On the morning of September 11, Baza reported on the crash of a Su-34 fighter jet in Crimea. The crash happened on the border of Rozdolne and Krasnoperekopsk districts, the pilots managed to eject. The causes of the crash were not named.
On October 1, Baza reported on another incident at the Belbek airfield in Crimea. An unnamed military plane rolled out of the runway during landing, rolled down a mountain and caught fire. According to these reports, a munition detonated on board and there was an explosion. The pilot ejected.
On October 9, two planes crashed at once in the Rostov region: near the farms Sibirki and Rogalik. In the first case, the Su-24 made a hard landing in a field – the aircraft started falling after a training flight, but the crew managed to eject. In the second case, a Su-25 attack aircraft crashed, killing the pilot. Local newspapers reported on the incident as a military flight.
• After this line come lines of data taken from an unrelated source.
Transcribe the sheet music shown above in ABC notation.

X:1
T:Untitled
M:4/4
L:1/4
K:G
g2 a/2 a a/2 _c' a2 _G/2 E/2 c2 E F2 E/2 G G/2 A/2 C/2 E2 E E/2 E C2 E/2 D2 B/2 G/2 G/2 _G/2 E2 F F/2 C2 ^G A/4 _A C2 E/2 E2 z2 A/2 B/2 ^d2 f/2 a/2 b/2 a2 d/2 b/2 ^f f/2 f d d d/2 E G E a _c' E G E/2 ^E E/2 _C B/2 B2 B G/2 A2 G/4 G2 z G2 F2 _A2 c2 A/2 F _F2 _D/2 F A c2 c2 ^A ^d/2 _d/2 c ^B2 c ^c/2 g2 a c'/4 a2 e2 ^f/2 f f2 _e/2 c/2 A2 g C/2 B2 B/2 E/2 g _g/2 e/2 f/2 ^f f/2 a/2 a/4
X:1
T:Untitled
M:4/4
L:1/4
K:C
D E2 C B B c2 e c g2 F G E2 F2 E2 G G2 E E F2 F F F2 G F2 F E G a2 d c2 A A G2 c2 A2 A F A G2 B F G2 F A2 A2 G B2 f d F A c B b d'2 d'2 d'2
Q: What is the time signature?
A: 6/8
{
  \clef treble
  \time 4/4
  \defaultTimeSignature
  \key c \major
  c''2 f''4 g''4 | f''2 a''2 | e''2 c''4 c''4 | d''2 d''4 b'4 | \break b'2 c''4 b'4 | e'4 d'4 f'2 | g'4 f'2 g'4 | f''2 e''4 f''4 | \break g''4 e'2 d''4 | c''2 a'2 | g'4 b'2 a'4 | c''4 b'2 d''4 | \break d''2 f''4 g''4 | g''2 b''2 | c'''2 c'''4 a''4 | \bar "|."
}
October 17 marked the tragedy in Yeisk – a training Su-34 flight crashed into a residential building, while the pilot managed to eject. Retired aviation colonel Viktor Alksnis told The Insider that the Su-34 appeared to have been performing a training flight, there were no bombs or missiles on board, and shells began to burst as the plane fell.
The next accident happened a few days later – on October 23, a Su-30SM fighter jet fell on a two-story house in Irkutsk. At the time of the crash there was no one there, both pilots were killed. Russia’s Investigative Committee put forward two versions: equipment failure and piloting error. State-owned news outlet RIA Novosti wrote that the pilots could have lost consciousness during the flight due to the improper preparation of their oxygen cylinders.
Five reported cases of military aircraft crashes were reported over the spring and sumer: an An-26 in the Voronezh region on the first day of the invasion, a MiG-31 in the Leningrad region on April 8, a Su-25 in the Belgorod region on 17 June, a Su-25 in the Rostov region on 21 June and an Il-76 in the Ryazan region on 24 June.
“The equipment is aging. American B-52 strategic bombers were made in the 1950s and have been flown for nearly 70 years now, and as far as I know, there are plans to upgrade them and they will fly until they're 100 years old. There are certain ratios of air incidents based on hours flown. I don't see anything surprising to ring all the bells just yet.
We don't know the number of combat losses of our air force because that data is classified. But even if we believe the figures from foreign sources (they say that we lost supposedly 50 aircraft in Ukraine), it is impossible to suffer so many non-combat losses in one year, because it is very difficult to hide them. Count how many flying accidents there were during that year. And if we believe that we lost 50 aircrafts and compare these figures, I repeat, there were no non-combat losses of such a number this year,” Alksnis points out.